#### TASK DETAILS
Please give back each line below unchanged; none of the pictures should appear.

#### DATASET EXCERPT
═══

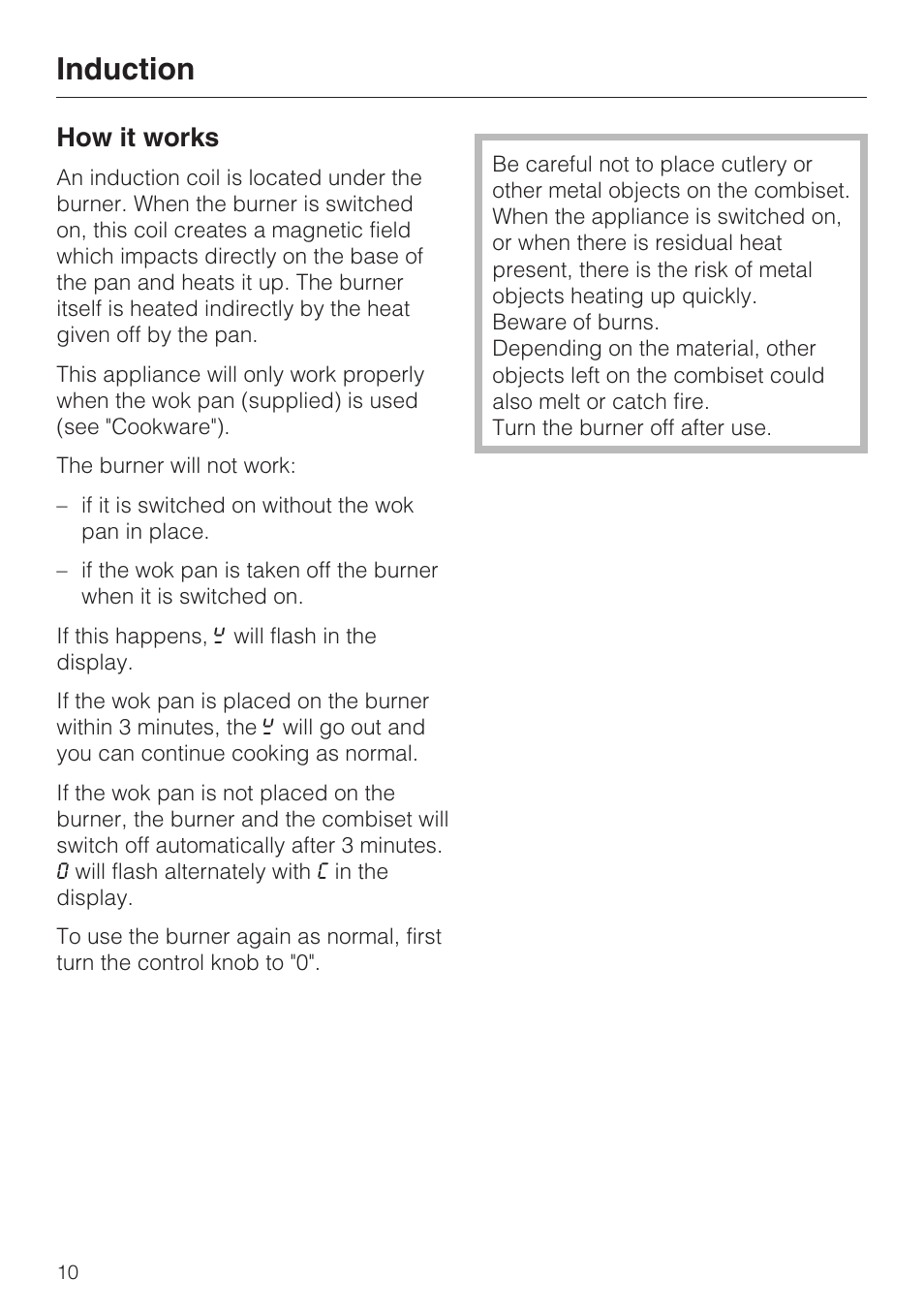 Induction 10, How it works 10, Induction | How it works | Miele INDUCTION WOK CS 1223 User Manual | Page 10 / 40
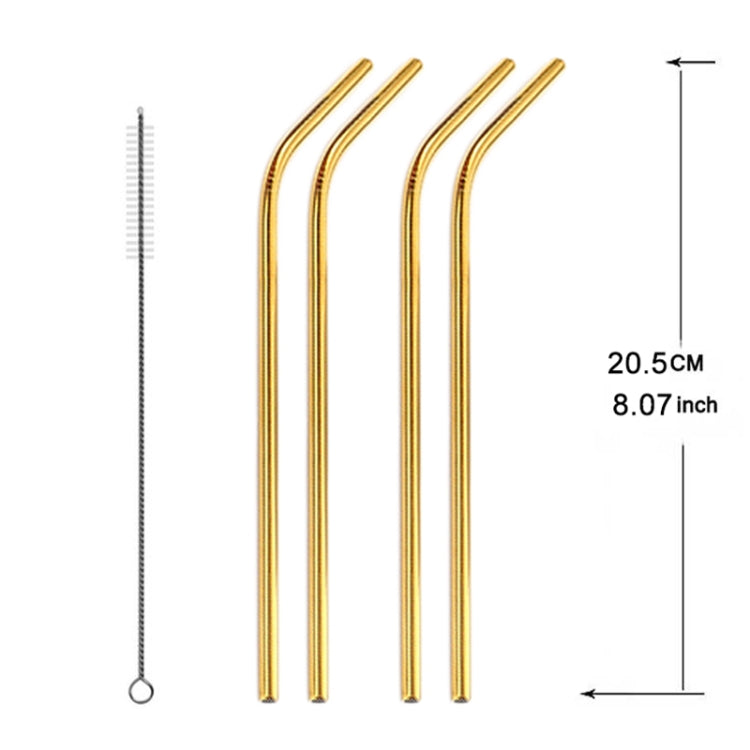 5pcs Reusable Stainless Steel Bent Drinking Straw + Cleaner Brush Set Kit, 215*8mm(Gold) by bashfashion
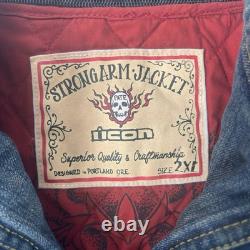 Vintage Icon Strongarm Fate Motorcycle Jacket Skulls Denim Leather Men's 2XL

═══

#### OUTPUT OF THE TASK
 Induction 10, How it works 10, Induction | How it works | Miele INDUCTION WOK CS 1223 User Manual | Page 10 / 40
 5pcs Reusable Stainless Steel Bent Drinking Straw + Cleaner Brush Set Kit, 215*8mm(Gold) by bashfashion
 Vintage Icon Strongarm Fate Motorcycle Jacket Skulls Denim Leather Men's 2XL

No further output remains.